**About this task**
Return the records from the first line through the line containing "Deluxe Lake View", and leave out the pictures.

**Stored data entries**

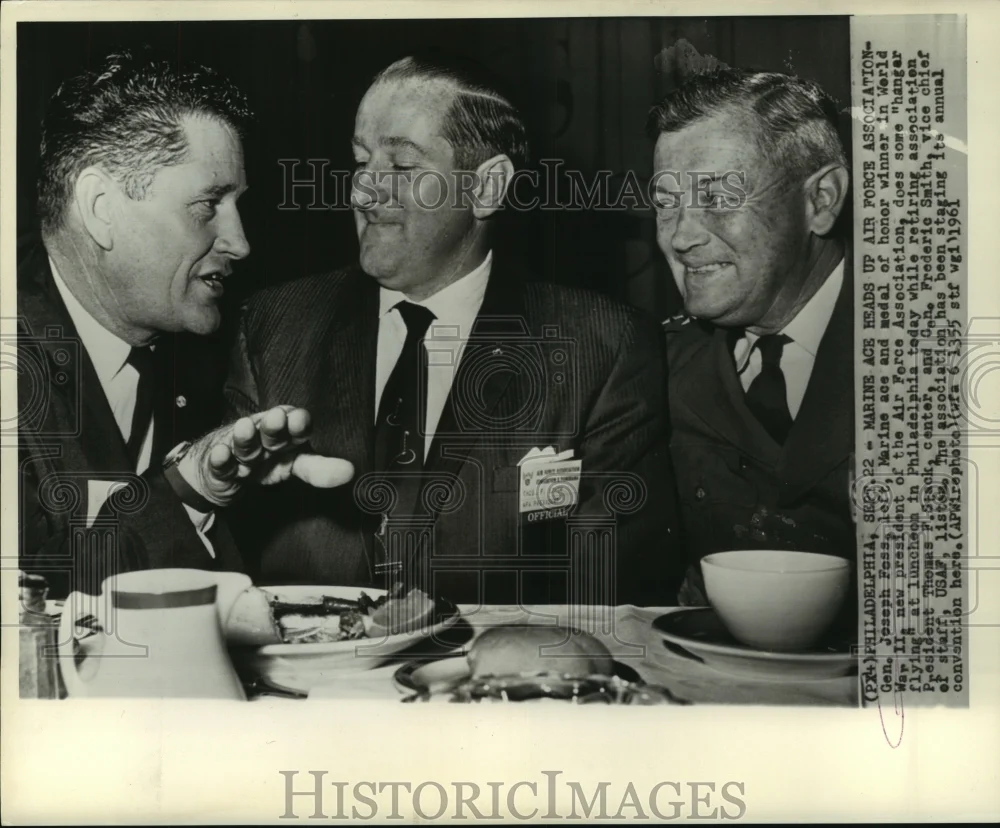 1961 Press Photo Gen. Joseph Foss & others at Air Force Association lunceon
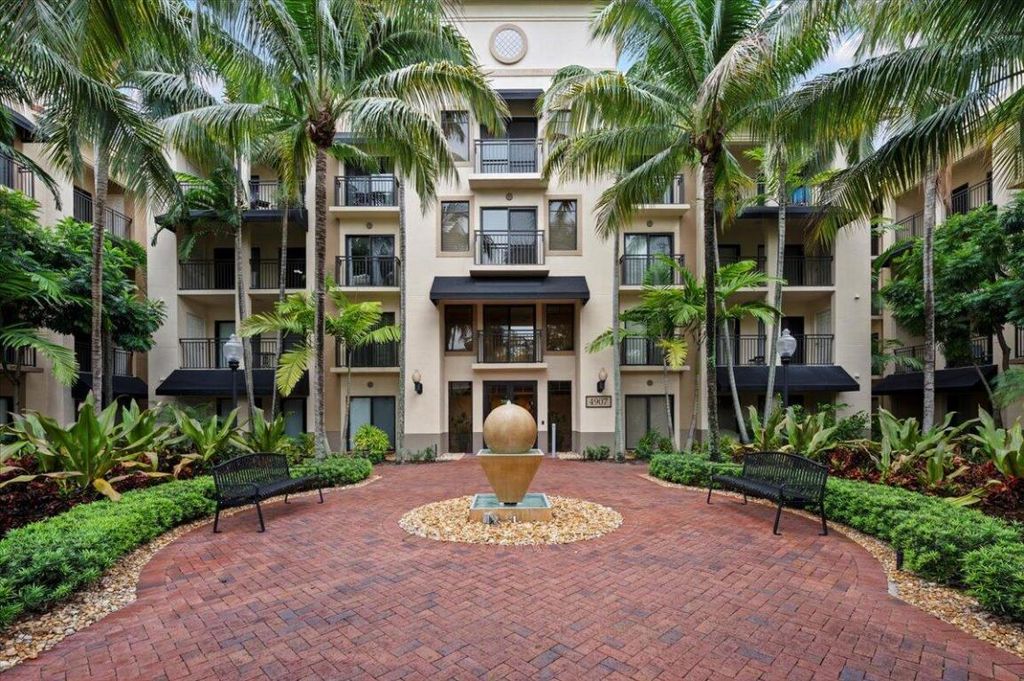 Photo of 4907 Midtown Lane #1308, Palm Beach Gardens, FL 33418 (MLS # R10996638)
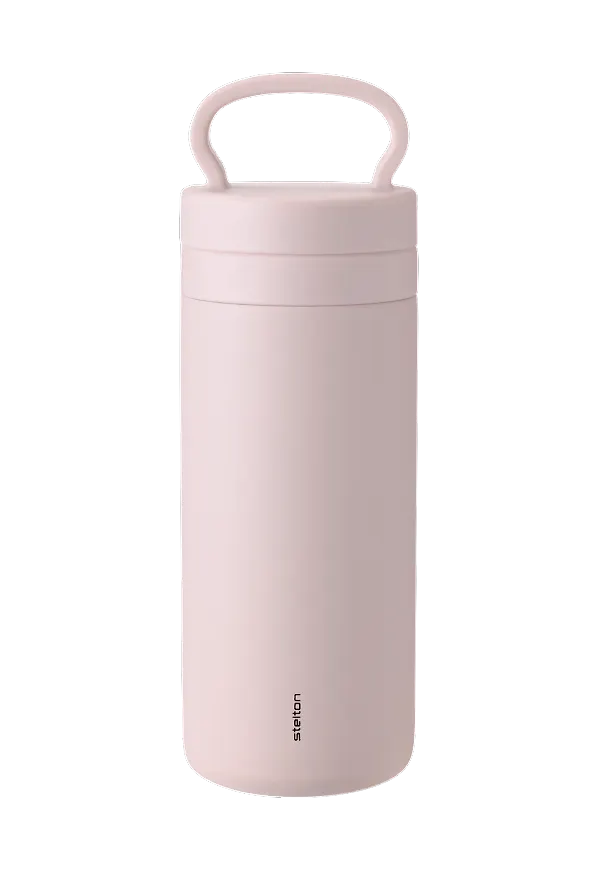 Rosa Stelton-termosmugg i fantastiskt snygg modell.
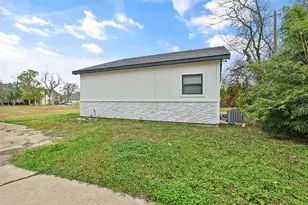 3922 Roseneath Dr, Houston, TX 77021 - Photo 17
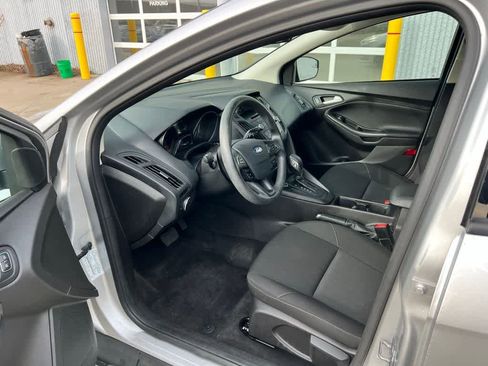 Used 2017 Ford Focus SE image 2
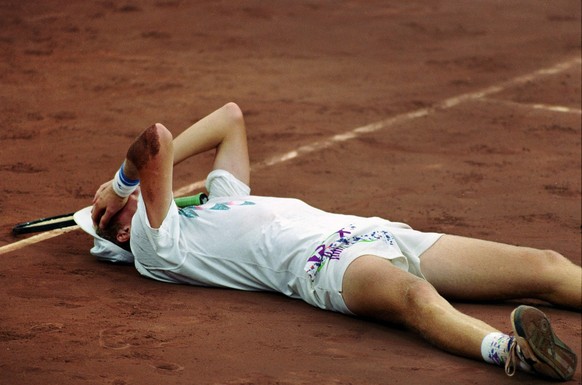 Nach seinem Final-Sieg liegt der Schweizer Tennisspieler Marc Rosset im August 1992 am Boden und kann es kaum glauben: Marc Rosset gewinnt die Goldmedaille an den Olympischen Sommerspielen in Barcelon ...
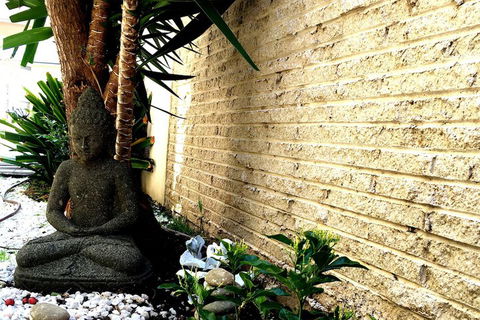 Deluxe Lake View House - Australian Directory 1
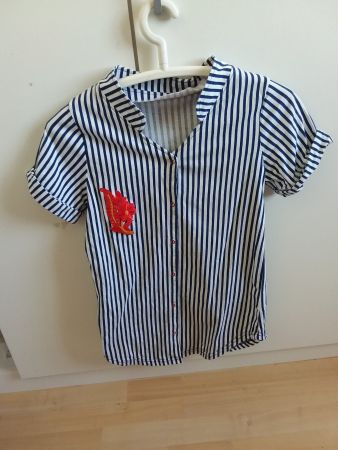 Sommerlich gestreiftes Damenbluse Gr. S oder M mit Stickere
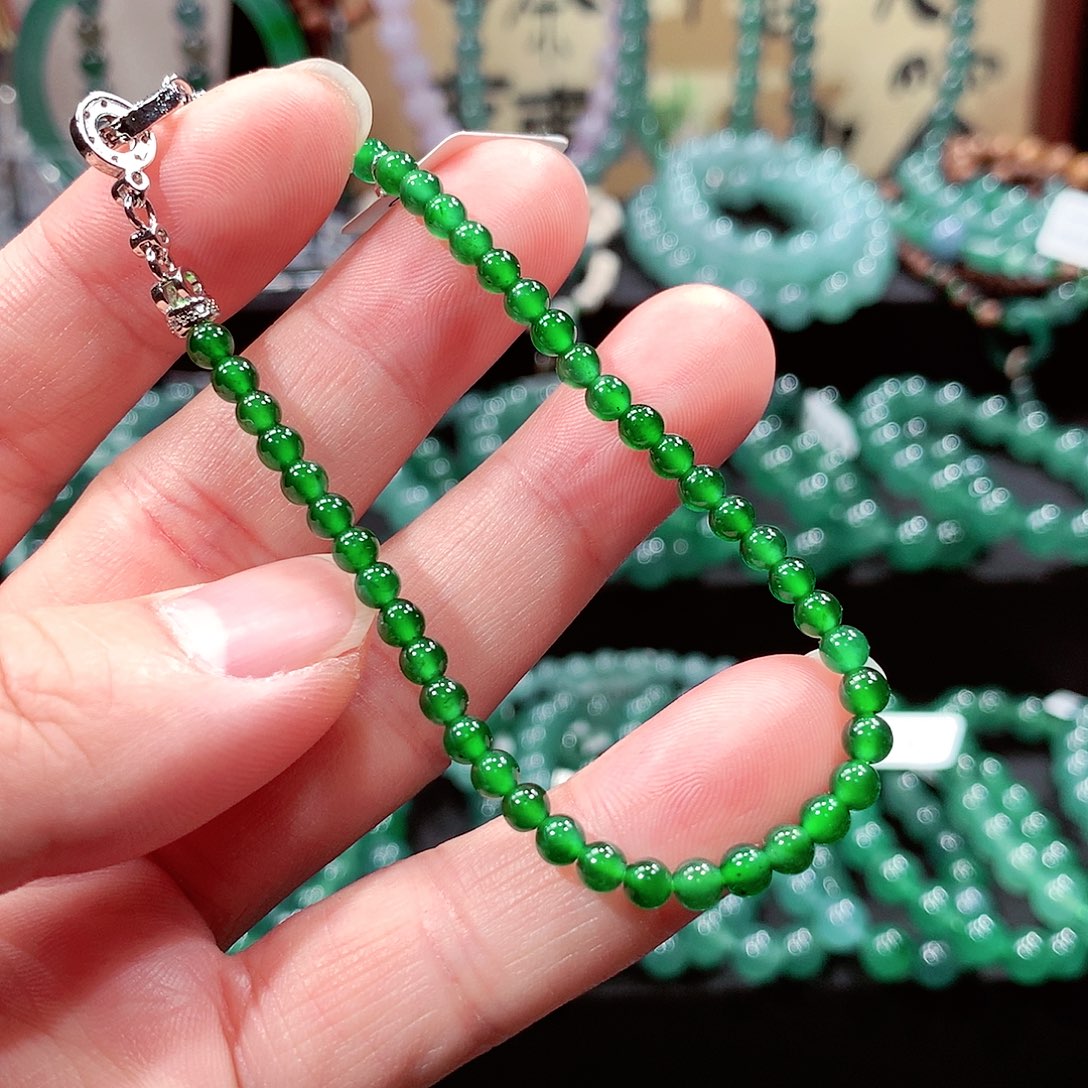 翡翠未镶嵌手链卡3.8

**Written answer**
 1961 Press Photo Gen. Joseph Foss & others at Air Force Association lunceon
 Photo of 4907 Midtown Lane #1308, Palm Beach Gardens, FL 33418 (MLS # R10996638)
 Rosa Stelton-termosmugg i fantastiskt snygg modell.
 3922 Roseneath Dr, Houston, TX 77021 - Photo 17
 Used 2017 Ford Focus SE image 2
 Nach seinem Final-Sieg liegt der Schweizer Tennisspieler Marc Rosset im August 1992 am Boden und kann es kaum glauben: Marc Rosset gewinnt die Goldmedaille an den Olympischen Sommerspielen in Barcelon ...
 Deluxe Lake View House - Australian Directory 1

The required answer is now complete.